What the exercise asks.
Copied exactly and without pictures, the lines from the beginning of the entries through the one that holds "Deluxe Quadruple Room, 2" should form the entire reply.

(Data records)
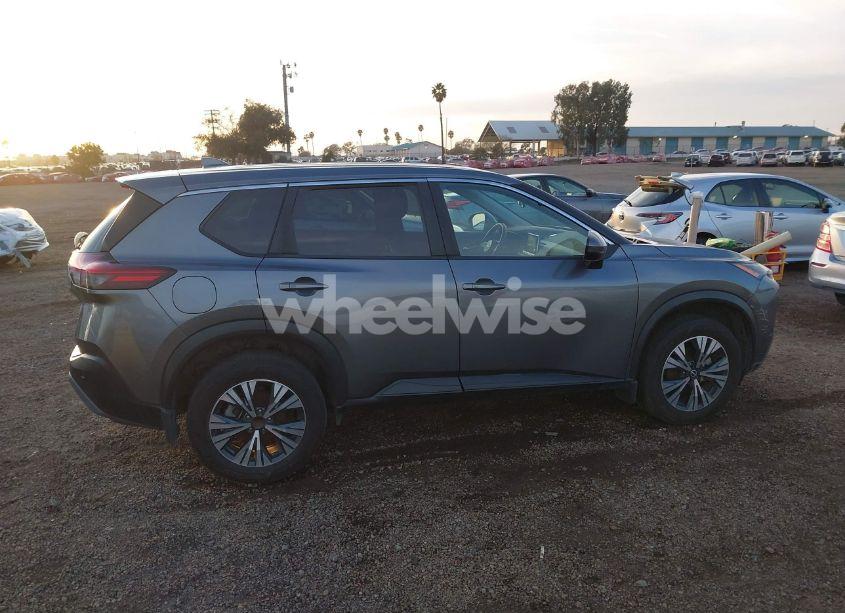 Photo 13 of 2022 Nissan Rogue SV FWD (VIN 5N1BT3BA5NC705403)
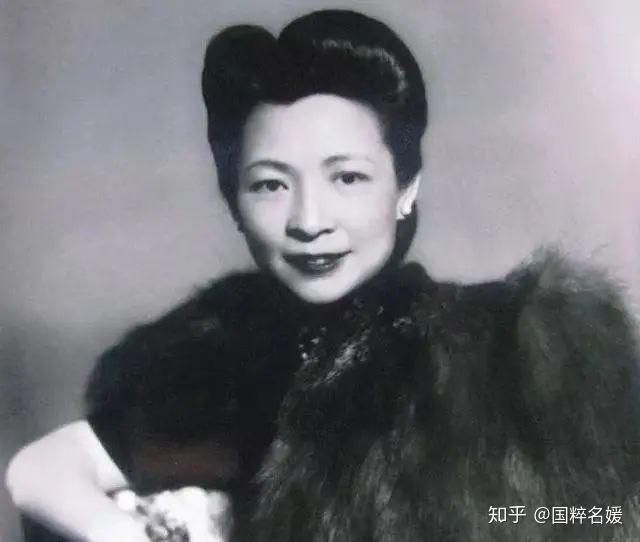 她是南洋富商黄仲涵之女,是名副其实挥金如土的阔小姐.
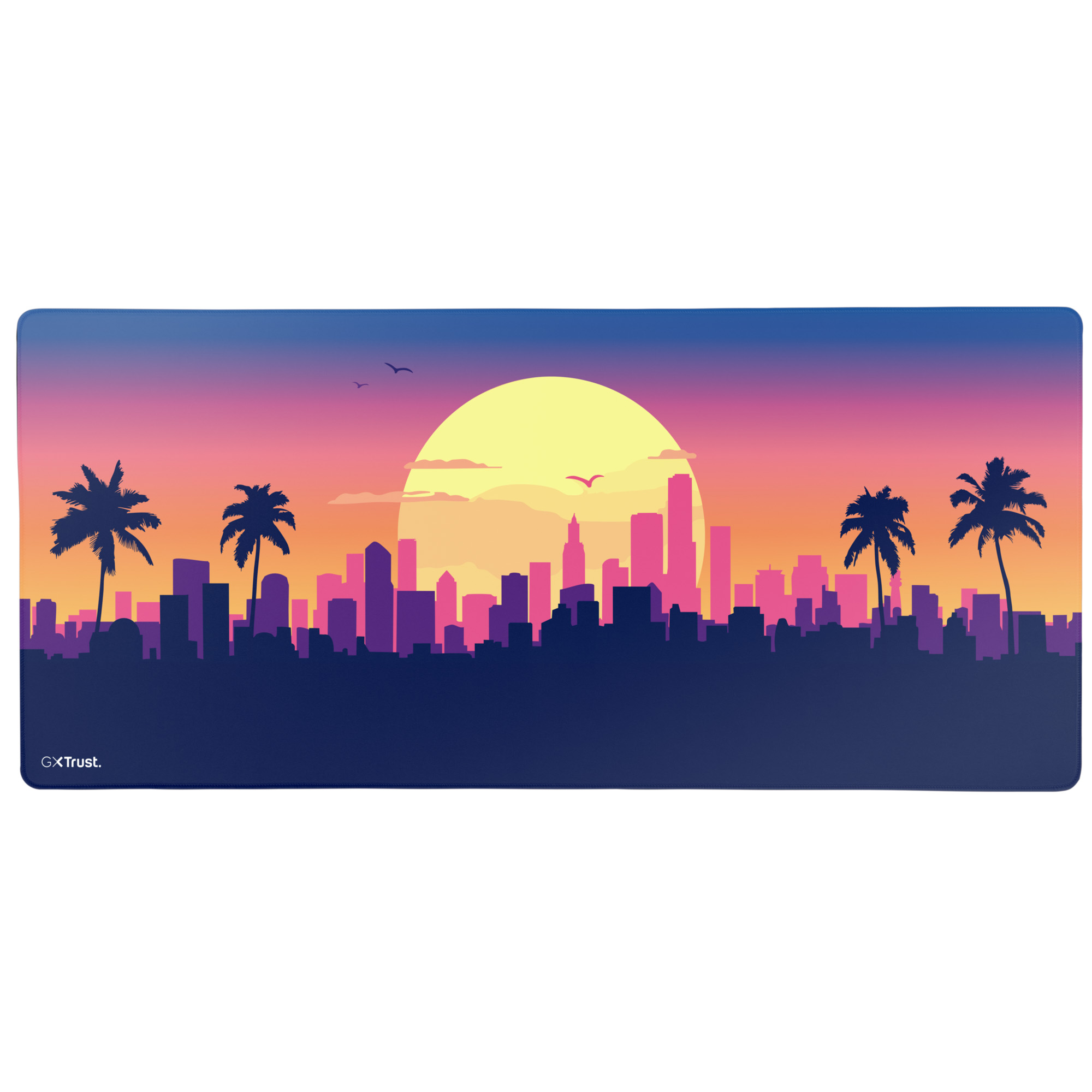 Eine Skyline bei Sonnenuntergang mit großen Palmen und Vögeln am Himmel vor einem leuchtenden Hintergrund.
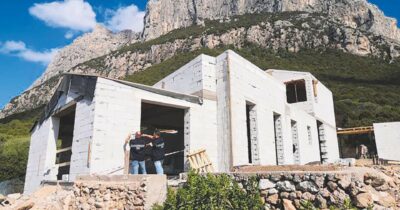 Copertina di Diciotto udienze di rinvio: così la villa abusiva è salva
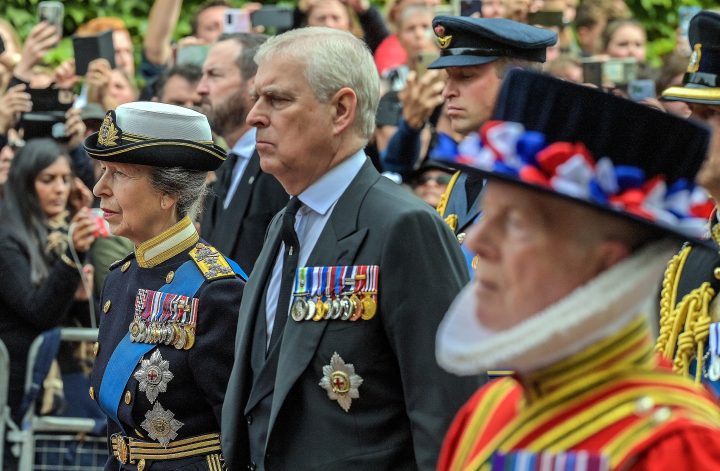 Polizei greift durch: Ex-Prinz Andrew in Haft – bröckelt jetzt die letzte Mauer des Schweigens? – Doku-Übersicht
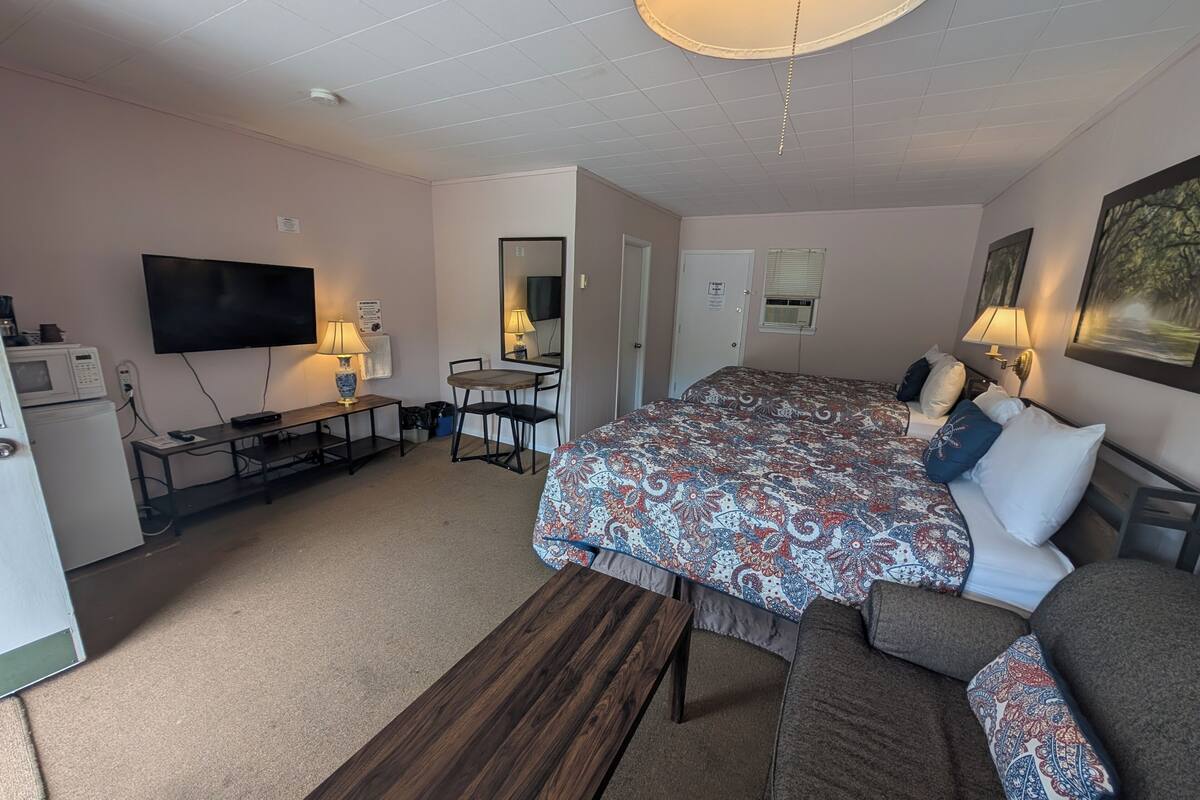 Deluxe Quadruple Room, 2 Queen Beds | Desk, iron/ironing board, free WiFi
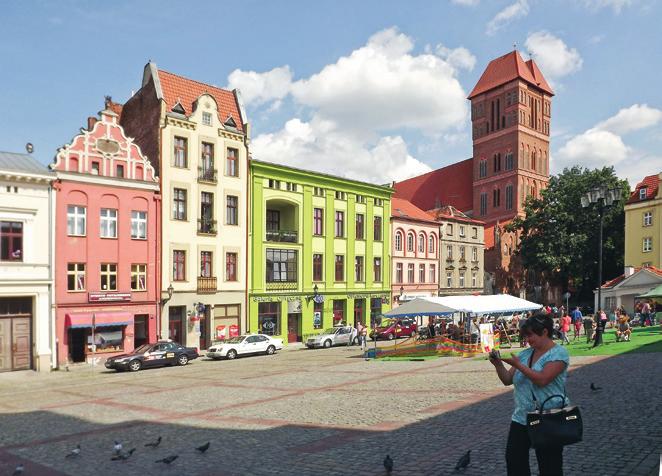 כיכר העיר העתיקה, כמו בערים פולניות אחרות כגון ורשה, קרקוב ופוזנן, היא האטרקציה המרכזית בעיר, כי שם מרוכזים המבנים המעניינים ביותר, ואליה נוהרים המוני התיירים.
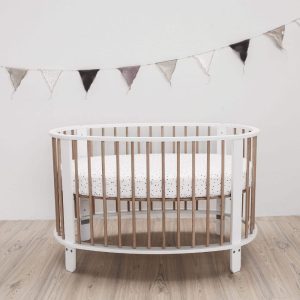 lit pour bébé en forme d'oeuf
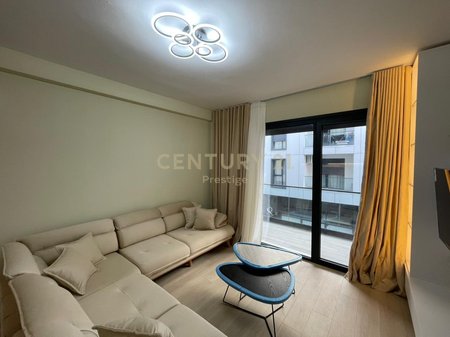 APARTAMENT 2+1+2+ POST PARKIMI ME QIRA, LIQENI I THATE, TIRANE!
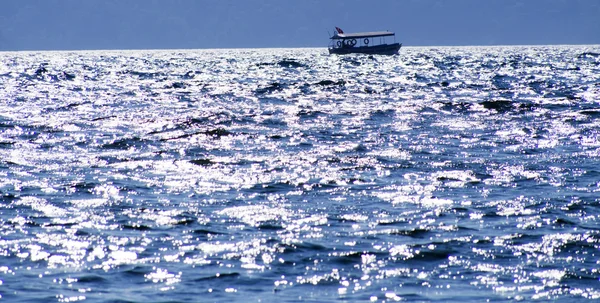 Barco de pescador a — Foto de Stock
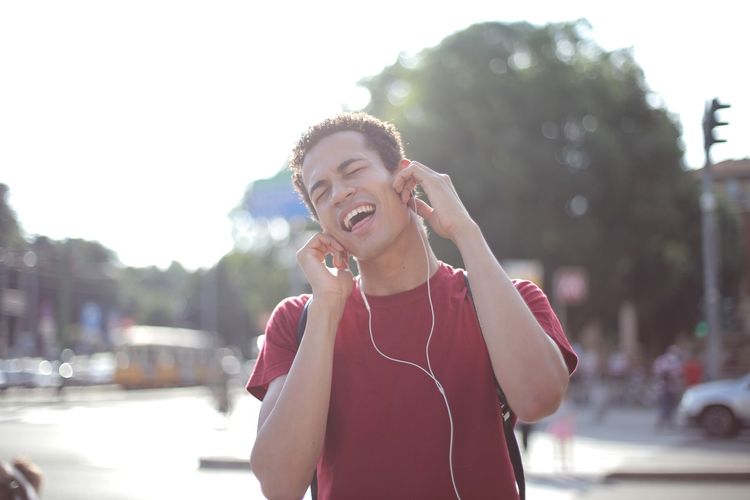 Cara merawat telinga juga dilakukan dengan berhati-hati saat mendengarkan musik melalui headphone atau earphone.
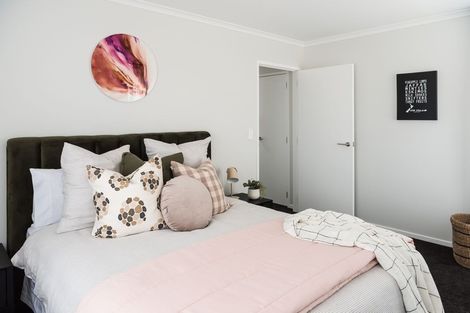 Photo of property in 16 Bridget Court, Red Beach, 0932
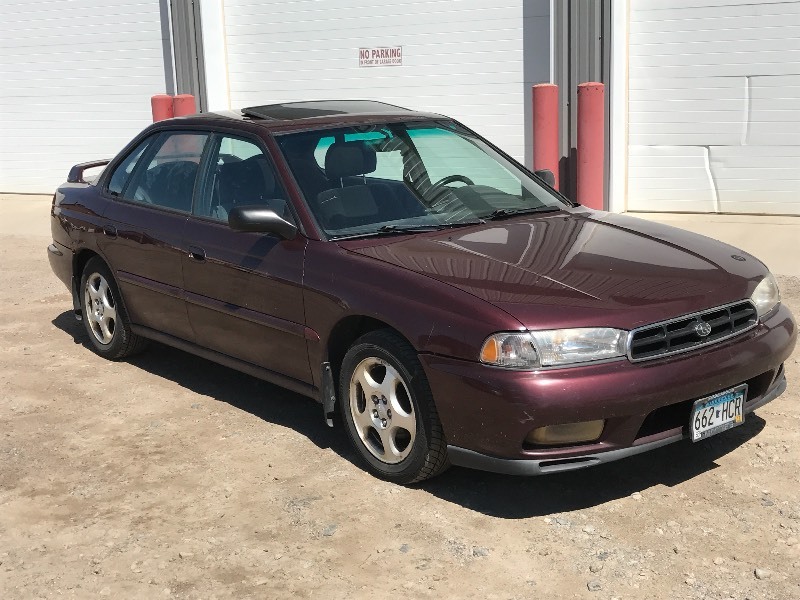 lot 1 image: 1999 Subaru Legacy L
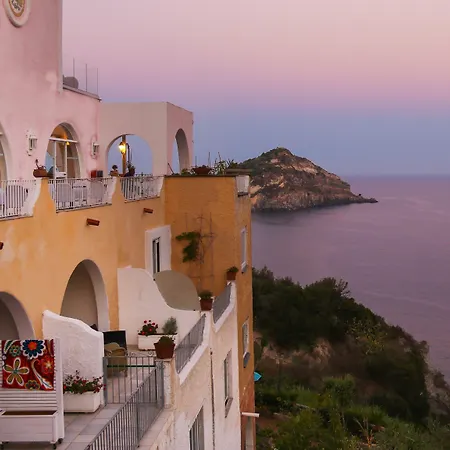 فندق Torre Sant'angelo 3*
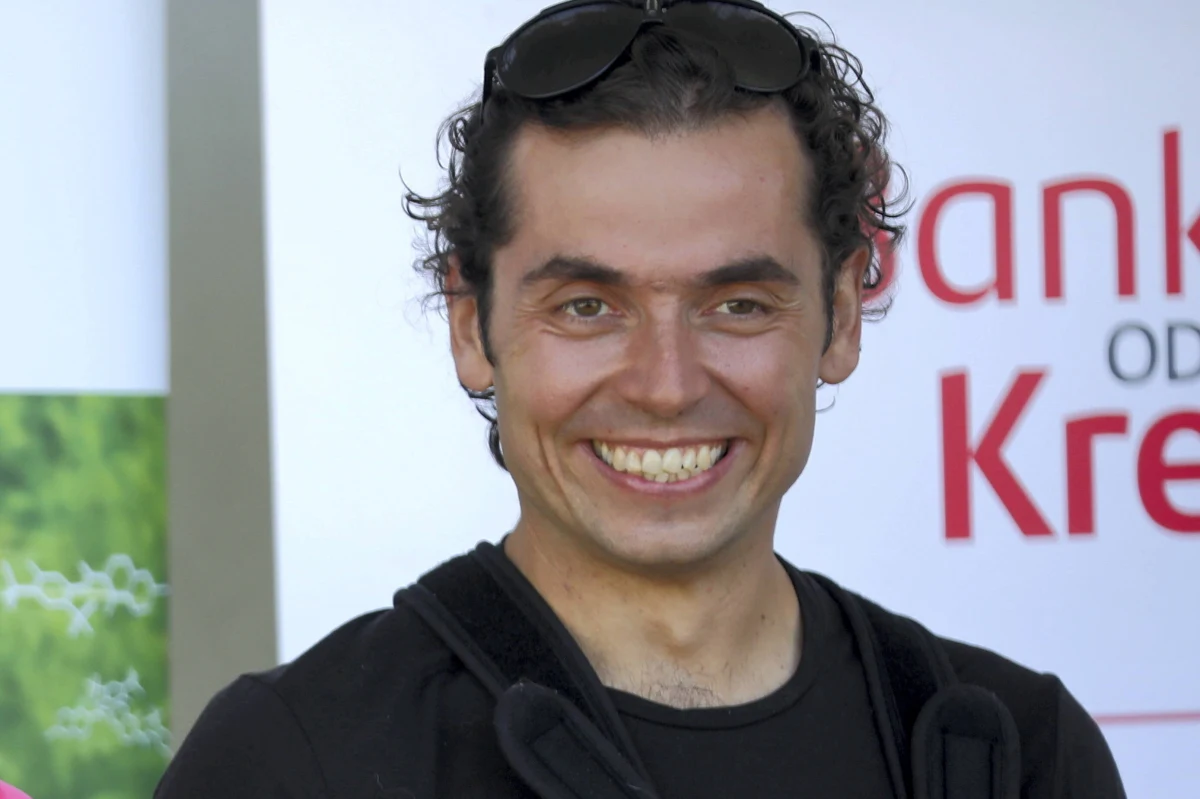 "Szukał w górach swojej drogi. Znalazł ją w samotnych przejściach. Miał niesamowitą wydolność. Był fanem trenowania i dużo czasu spędzał na pracy nad sobą" - tak były szef programu Polski Himalaizm Zimowy, Janusz Majer wspominał w internetowym Radiu RMF24 swojego przyjaciela, tragicznie zmarłego alpinistę Kacpra Tekielego - prywatnie męża Justyny Kowalczyk-Tekieli. "Kacper był znany z tego, że choć akceptował pewien sposób ryzyka, jeśli chodzi o solowe wspinanie, to jednak był bardzo ostrożny w tym, co robił" - dodawał Majer.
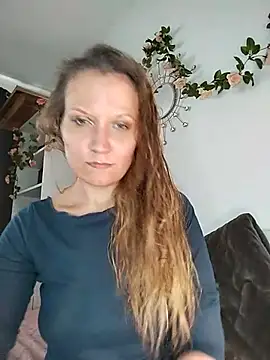 Candy Cougar online show from July 2026 07:04:02 AM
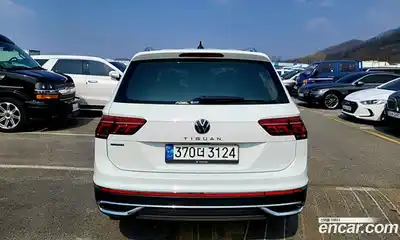 Volkswagen Tiguan 2022 2.0 гидро в Москве № 628970, миниатюра 4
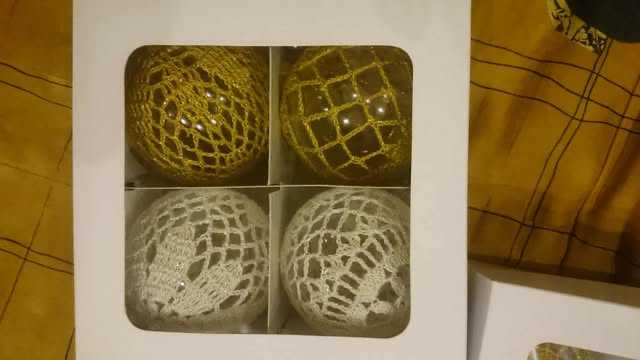 Ozdoba choinkowa szydełkowa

Reply.
 Photo 13 of 2022 Nissan Rogue SV FWD (VIN 5N1BT3BA5NC705403)
 她是南洋富商黄仲涵之女,是名副其实挥金如土的阔小姐.
 Eine Skyline bei Sonnenuntergang mit großen Palmen und Vögeln am Himmel vor einem leuchtenden Hintergrund.
 Copertina di Diciotto udienze di rinvio: così la villa abusiva è salva
 Polizei greift durch: Ex-Prinz Andrew in Haft – bröckelt jetzt die letzte Mauer des Schweigens? – Doku-Übersicht
 Deluxe Quadruple Room, 2 Queen Beds | Desk, iron/ironing board, free WiFi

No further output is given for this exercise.